Input START

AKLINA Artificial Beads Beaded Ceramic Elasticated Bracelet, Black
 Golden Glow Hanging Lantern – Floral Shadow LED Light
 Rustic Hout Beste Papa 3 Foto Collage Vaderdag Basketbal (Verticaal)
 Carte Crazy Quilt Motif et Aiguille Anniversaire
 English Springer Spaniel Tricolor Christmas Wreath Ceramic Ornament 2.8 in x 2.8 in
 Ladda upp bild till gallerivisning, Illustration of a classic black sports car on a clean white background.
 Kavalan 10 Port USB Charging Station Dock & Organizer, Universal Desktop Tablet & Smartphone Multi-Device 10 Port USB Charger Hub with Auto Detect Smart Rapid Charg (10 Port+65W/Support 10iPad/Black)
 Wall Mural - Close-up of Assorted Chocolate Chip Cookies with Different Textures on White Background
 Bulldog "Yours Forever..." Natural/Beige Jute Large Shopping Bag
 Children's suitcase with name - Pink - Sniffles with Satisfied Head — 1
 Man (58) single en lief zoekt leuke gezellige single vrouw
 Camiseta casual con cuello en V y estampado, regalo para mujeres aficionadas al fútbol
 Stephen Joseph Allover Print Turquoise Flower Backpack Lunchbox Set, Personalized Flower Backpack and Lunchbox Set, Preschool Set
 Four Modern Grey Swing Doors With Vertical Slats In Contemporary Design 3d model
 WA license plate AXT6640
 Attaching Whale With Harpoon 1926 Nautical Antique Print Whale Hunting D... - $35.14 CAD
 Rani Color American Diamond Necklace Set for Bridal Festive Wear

Input END

Brief
All of the entries above should be output exactly as they are.

Solution for this problem
AKLINA Artificial Beads Beaded Ceramic Elasticated Bracelet, Black
 Golden Glow Hanging Lantern – Floral Shadow LED Light
 Rustic Hout Beste Papa 3 Foto Collage Vaderdag Basketbal (Verticaal)
 Carte Crazy Quilt Motif et Aiguille Anniversaire
 English Springer Spaniel Tricolor Christmas Wreath Ceramic Ornament 2.8 in x 2.8 in
 Ladda upp bild till gallerivisning, Illustration of a classic black sports car on a clean white background.
 Kavalan 10 Port USB Charging Station Dock & Organizer, Universal Desktop Tablet & Smartphone Multi-Device 10 Port USB Charger Hub with Auto Detect Smart Rapid Charg (10 Port+65W/Support 10iPad/Black)
 Wall Mural - Close-up of Assorted Chocolate Chip Cookies with Different Textures on White Background
 Bulldog "Yours Forever..." Natural/Beige Jute Large Shopping Bag
 Children's suitcase with name - Pink - Sniffles with Satisfied Head — 1
 Man (58) single en lief zoekt leuke gezellige single vrouw
 Camiseta casual con cuello en V y estampado, regalo para mujeres aficionadas al fútbol
 Stephen Joseph Allover Print Turquoise Flower Backpack Lunchbox Set, Personalized Flower Backpack and Lunchbox Set, Preschool Set
 Four Modern Grey Swing Doors With Vertical Slats In Contemporary Design 3d model
 WA license plate AXT6640
 Attaching Whale With Harpoon 1926 Nautical Antique Print Whale Hunting D... - $35.14 CAD
 Rani Color American Diamond Necklace Set for Bridal Festive Wear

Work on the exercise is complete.